ギロチン

腐れポモウヨをぶっ潰す👊

この世の果てで恋を唄う少女 YU-NO(リメイク版)

ラスト編まで進めた辺りで一旦放置して、そこから一気にクリアしました。


う~ん、正直こちらが期待していたほどのものではなかった。ネタ自体も、オリジナル版が発売されてから今日まで、散々引用されまくって見慣れたものだし、そこで改めて新鮮味のようなものは感じなかった。
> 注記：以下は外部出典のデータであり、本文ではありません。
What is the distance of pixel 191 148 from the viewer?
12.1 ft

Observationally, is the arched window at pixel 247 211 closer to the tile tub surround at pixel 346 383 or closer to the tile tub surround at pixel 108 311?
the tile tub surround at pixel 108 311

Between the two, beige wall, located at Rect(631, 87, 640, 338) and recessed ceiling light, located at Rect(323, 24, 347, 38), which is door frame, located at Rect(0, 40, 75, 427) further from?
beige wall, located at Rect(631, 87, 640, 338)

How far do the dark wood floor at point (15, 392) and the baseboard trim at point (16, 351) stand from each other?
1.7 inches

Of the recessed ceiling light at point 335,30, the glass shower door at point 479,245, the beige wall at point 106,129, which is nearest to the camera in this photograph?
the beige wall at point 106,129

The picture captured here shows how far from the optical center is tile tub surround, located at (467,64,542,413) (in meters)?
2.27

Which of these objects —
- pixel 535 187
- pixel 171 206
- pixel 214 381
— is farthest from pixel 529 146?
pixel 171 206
女性キャラに対する扱いも、ここ2~3年で激変した、現在のフェミニズム意識の水準からしたら、どうしても古臭くて残虐に見えてしまう。あと、やはり、90年代的な自己憐憫やオカルト設定なども、あまり肌に合うものじゃない。ちなみに、J-RPGにおいて、YU-NOの手法をさらに突き詰めたのが、ゼノギアスとペルソナ2罪&罰だよね(他にもありそうだけど)。まあ、この2作を含めて、ある種の悲劇性を駆動させるやり口は好きじゃないから、同じくオカルト的でも、他作品に比べてヒロインが自立的だったり、悲劇性ではなく個々のキャラたちの友情と結びつきに帰結させていく、FF8の方がFF7より好きなんだけど。最後に伏線を回収していくカタルシスも、個人的にはEVER17の方が遥かに上だった。まあ、そこに関しては、EVER17の方が力技で畳み掛ける強引さがあるから、褒めていいのかよくわからないけど。
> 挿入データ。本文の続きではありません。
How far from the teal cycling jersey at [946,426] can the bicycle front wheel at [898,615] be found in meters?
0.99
だから、たしかに大傑作であることは認めるけど、しかし、古典的な超越SFと90年代的な終末オカルティズムの範疇にあるという意味では、そこに限界はあるのかなと思った。だが、ある意味での、00年代オタク文化における、ループ物の原点というだけでなく、異世界物のルーツでもあることを考えると、その先見性には驚愕させられる。東浩紀の「YU-NOは奇跡のゲームである。そして起源のゲームである。」というコメントも、あながち大げさじゃない(それ以前にまで遡れたとしても)。ただし、その崇高さまでは、継承されなかったが。
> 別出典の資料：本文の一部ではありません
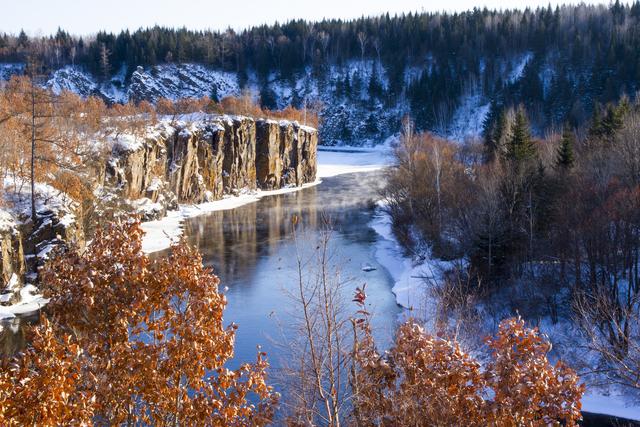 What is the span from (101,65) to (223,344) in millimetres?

あと、梅本竜による音楽は文句の付け所がないぐらい素晴らしい。リメイク版では、オリジナルとアレンジが選択できるんだけど、当時のFM音源だけで構成されたオリジナルでも、電子音楽として十分に完成されている。そして、メランコリーな陶酔感も、タンジェリン・ドリームボーズ・オブ・カナダなんかよりも上であると思う。むしろ、シナリオ以上に梅本の音楽の方が、時代を超越する(しかも当時の限られた機材で作曲していたとは思えないほどに!)と、評するのは言い過ぎだろうか。なので、自分にとってのYU-NOは、菅野ひろゆきというより梅本竜といった感じです、ハイ。